Either nobody would be able to get a word in, or people would stare at one another waiting for someone else to initiate a simple coversation. This is the normal dynamic of being a social animal. It should come as a surprise then that so many people have issues about these necessary and natural interactions in their most intimate moments together. Almost nobody needs to read a book or become educated in D/s etiquette when they learn to speak with one another, but when their clothes come off they suddenly feel under-equipped to deal with the same issues that they never even think about any other time.
A lot of this stems from the fact that everyday D/s is understood perfectly well as the way things have to work. There is a tacit understanding that we can't all speak at once, that whomever is speaking has the floor, that this or that anecdote is "mine" and anything that can be added to it is done so with my approval and consent. Even when we disagree, we do so with the understanding that there will be a "winner" and a "loser", and that those roles are going to switch back and forth in the future the way they always have in the past. So the question becomes: what changes when you add a sexual context to topping and bottoming? Why are we suddenly concerned about how our interactions affect our "identities" when this happens? The answer might have to do with some very irrational attitudes we maintain regarding the terms we are using.
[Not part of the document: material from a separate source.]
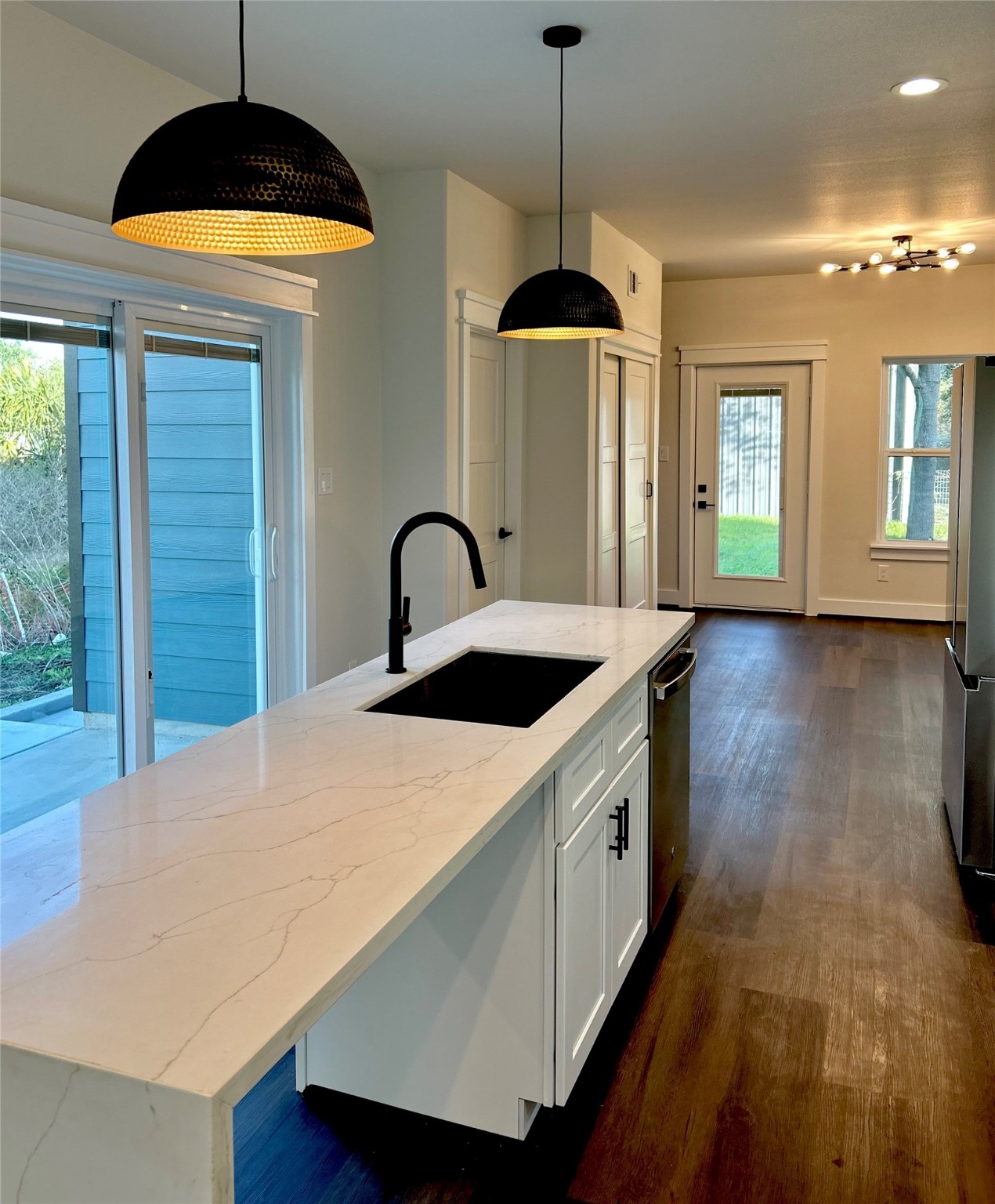 125 4th Street San Leon, TX 77539 - Photo 5 of 40 a kitchen with stainless steel appliances granite countertop a stove a sink a refrigerator and a window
In public, we are often told to "master our emotions" (I have always preferred to mistress mine). By "mastering", we do not mean that we discipline or train ourselves. What is generally understood by everyone, is that to master one's emotions, one has to deny having any at all. You do not display your emotions, because you have in theory stopped experiencing them. If a person is caught having any kind of public emotional display, they are regarded as "weak". In this way, we have come to view Dominants as unfeeling but strong, and submissives as needy and weak. This is nonsense. An emotional cripple is poorly equipped to Dom(me) anyone, and some of the strongest and most noble people I know are lifestyle submissives. The problem is that it is one thing to acknowledge these misperceptions when we are fully dressed and Masters and Mistresses of our emotions, and as long as we are speaking hypothetically and about a third party, but it is quite another to confront our own natural and necessary natures when we are on our knees or administering the stern kisses of discipline to another.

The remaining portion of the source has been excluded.